No, here, dust is the wrong word. It’s sand: small, bitter grains that give you hard little bites on the thigh when the wind kicks up. Here, in Huacachina, the only natural oasis in South America, lies the small emerald lagoon encompassed by sand dunes reaching 1,600 ft in height. In the doorless tuk-tuk that took us from the Ica bus station to the oasis, my partner commented how dusty the air was here. As we climbed out, all knees and potholes, he realized that it wasn’t that the horizon was opaque with dust, but that it was a sand dune whose top he couldn’t see from inside the car.
It is our second time here this week. We spent two days here, just us two, then we went to another town in the state of Ica, and came back to see friends who we agreed to meet here. The concierge noticed we were back. So did the bartenders.

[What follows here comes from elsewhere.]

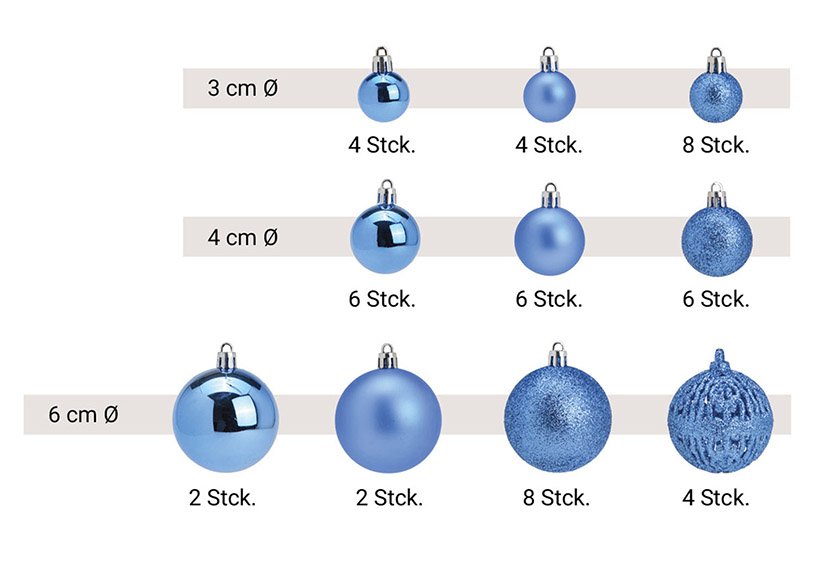 Weihnachtskugeln aus Kunststoff, 50er-Set, Königsblau Ø3/4/6cm (B/H/T) 23x18x12cm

“You were here a couple days ago.”
“That’s right.”
“Most people don’t come back.”
A place returned, this has become. A place where I’ve been spending time with people I’ve only known for a month yet who nonetheless feel like long-time friends. It’s funny how that happens. By ‘that,’ I mean:
That inevitable yet always magical experience of strangers converting themselves into friends. People whose existences you weren’t even aware of no less than some weeks ago now being people who you speak to on a weekly, if not daily, basis. I have laughed more this week with these former-strangers than I have in total over the past few months.
That, as Mary Oliver writes, “to be surrounded by beautiful curious breathing laughing flesh is enough.”
That, although the same amount of time passes each month (except for the whole 30/31/28 days thing), there are some months when everything happens and some months where nothing happens, even though things are, without fail, always happening. Again, Mary Oliver: “All things are meltable, and replaceable. Not at this moment, but soon enough…” At least cosmically, I think that’s true.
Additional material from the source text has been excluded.